One problem is that, according to a recent report by Royce Millar in The Age based on Australian Electoral Commission figures, the Victorian ALP is a major beneficiary of political donations from big developers. If it's not on for local councillors to vote on developments by developers who have given them political donations, do we really want an ALP flush with developers' cash steamrolling local democratic processes and community concerns? Here's the unedited version of my letter published in today's edition of TMT.
Greg Barber's letter about Greens contributions in Parliament offers an interesting lens through which to examine the Northcote Bowl development.I agree with comments by Rucker Ward Councillor Trent McCarthy reported in TMT that the financial downturn is being used as a pretext to 'push through developments that deserve more scrutiny' (11/2, 'Ire as Brumby bowls residents over'). I look forward to the outcome of Councillor McCarthy's discussions with other Darebin councillors regarding his proposed public meeting on the Northcote Bowl development.
Barber writes that a private member's Bill he introduced last year aimed to prevent councillors voting on any development where they had received election donations from the developer. Now we have the Brumby State Government giving the green light to the Northcote Bowl development, sidelining a refreshingly feisty council in an undemocratic process.

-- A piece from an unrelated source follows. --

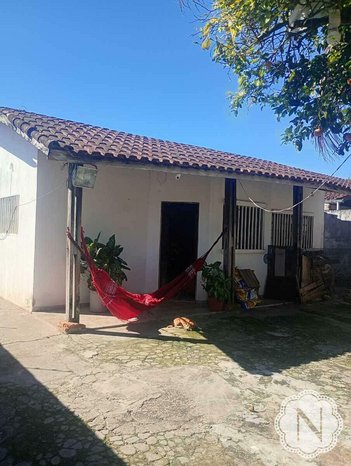 house em Rua José Domiciano da Silva, Bopiranga - Itanhaém - SP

Yet on 3 February, Royce Millar reported in The Age that, according to Australian Electoral Commission figures, 'corporate donations to Labor are predominantly from firms with lucrative public contracts or planning approvals, or those seeking them'. Millar identified a number of large donations from big developers bankrolling the Victorian ALP. That is to say, development decisions are being taken out of council hands by a government swimming in developers' cash.
While I am not claiming that the developers of the Northcote Bowl are among the ALP's donors, the scale of developer donations to the ALP amounts to inappropriate political influence in favour of bulldozing developments through despite valid community opposition - hardly a 'net community benefit'.